▶ [DESCRIPTION OF THE TASK] Going from the line that contains "Women Floral Long" to the last line of the material below, repeat every line exactly.

▶ [DATA PROVIDED]
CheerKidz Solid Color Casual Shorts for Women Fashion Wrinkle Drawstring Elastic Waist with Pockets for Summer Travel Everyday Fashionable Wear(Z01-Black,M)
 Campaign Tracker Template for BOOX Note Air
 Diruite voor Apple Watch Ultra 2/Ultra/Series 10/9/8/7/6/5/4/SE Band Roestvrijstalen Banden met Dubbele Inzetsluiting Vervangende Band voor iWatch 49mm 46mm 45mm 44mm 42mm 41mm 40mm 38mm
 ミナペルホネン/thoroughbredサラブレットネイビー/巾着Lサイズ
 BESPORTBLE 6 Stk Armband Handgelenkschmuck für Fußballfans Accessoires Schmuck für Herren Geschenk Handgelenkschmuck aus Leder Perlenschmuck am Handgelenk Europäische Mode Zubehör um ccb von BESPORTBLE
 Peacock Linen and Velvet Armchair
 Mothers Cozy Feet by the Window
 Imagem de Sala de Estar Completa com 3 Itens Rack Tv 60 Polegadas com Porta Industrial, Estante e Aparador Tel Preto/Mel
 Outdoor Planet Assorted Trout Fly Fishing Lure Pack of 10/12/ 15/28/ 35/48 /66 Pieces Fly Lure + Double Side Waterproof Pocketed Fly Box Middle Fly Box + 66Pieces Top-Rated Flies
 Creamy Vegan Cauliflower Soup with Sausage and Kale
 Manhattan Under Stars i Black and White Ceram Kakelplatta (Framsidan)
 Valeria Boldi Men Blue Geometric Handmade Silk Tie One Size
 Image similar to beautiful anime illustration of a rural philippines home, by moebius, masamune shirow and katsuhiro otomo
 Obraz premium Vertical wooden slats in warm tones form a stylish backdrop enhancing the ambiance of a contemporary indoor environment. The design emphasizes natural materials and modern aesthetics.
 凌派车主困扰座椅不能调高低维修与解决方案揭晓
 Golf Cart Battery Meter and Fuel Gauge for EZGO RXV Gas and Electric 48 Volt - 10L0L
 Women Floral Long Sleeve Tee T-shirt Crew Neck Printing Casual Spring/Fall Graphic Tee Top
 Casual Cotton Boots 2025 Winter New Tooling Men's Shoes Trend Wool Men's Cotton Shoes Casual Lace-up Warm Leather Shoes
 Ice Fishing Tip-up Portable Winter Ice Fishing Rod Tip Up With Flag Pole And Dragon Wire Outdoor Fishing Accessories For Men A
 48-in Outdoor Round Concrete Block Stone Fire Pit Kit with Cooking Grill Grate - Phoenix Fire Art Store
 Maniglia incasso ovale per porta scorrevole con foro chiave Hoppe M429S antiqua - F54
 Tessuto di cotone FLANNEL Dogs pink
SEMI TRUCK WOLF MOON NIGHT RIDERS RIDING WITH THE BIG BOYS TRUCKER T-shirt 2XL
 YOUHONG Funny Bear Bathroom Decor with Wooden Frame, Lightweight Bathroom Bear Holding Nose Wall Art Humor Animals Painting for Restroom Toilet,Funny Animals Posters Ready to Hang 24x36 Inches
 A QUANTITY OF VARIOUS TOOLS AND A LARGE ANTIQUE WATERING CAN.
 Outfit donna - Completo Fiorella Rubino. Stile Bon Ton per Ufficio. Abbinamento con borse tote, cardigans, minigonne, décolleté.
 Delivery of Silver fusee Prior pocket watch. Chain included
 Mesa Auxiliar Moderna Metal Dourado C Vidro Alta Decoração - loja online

▶ [ANSWER TO THIS EXERCISE]
 Women Floral Long Sleeve Tee T-shirt Crew Neck Printing Casual Spring/Fall Graphic Tee Top
 Casual Cotton Boots 2025 Winter New Tooling Men's Shoes Trend Wool Men's Cotton Shoes Casual Lace-up Warm Leather Shoes
 Ice Fishing Tip-up Portable Winter Ice Fishing Rod Tip Up With Flag Pole And Dragon Wire Outdoor Fishing Accessories For Men A
 48-in Outdoor Round Concrete Block Stone Fire Pit Kit with Cooking Grill Grate - Phoenix Fire Art Store
 Maniglia incasso ovale per porta scorrevole con foro chiave Hoppe M429S antiqua - F54
 Tessuto di cotone FLANNEL Dogs pink
SEMI TRUCK WOLF MOON NIGHT RIDERS RIDING WITH THE BIG BOYS TRUCKER T-shirt 2XL
 YOUHONG Funny Bear Bathroom Decor with Wooden Frame, Lightweight Bathroom Bear Holding Nose Wall Art Humor Animals Painting for Restroom Toilet,Funny Animals Posters Ready to Hang 24x36 Inches
 A QUANTITY OF VARIOUS TOOLS AND A LARGE ANTIQUE WATERING CAN.
 Outfit donna - Completo Fiorella Rubino. Stile Bon Ton per Ufficio. Abbinamento con borse tote, cardigans, minigonne, décolleté.
 Delivery of Silver fusee Prior pocket watch. Chain included
 Mesa Auxiliar Moderna Metal Dourado C Vidro Alta Decoração - loja online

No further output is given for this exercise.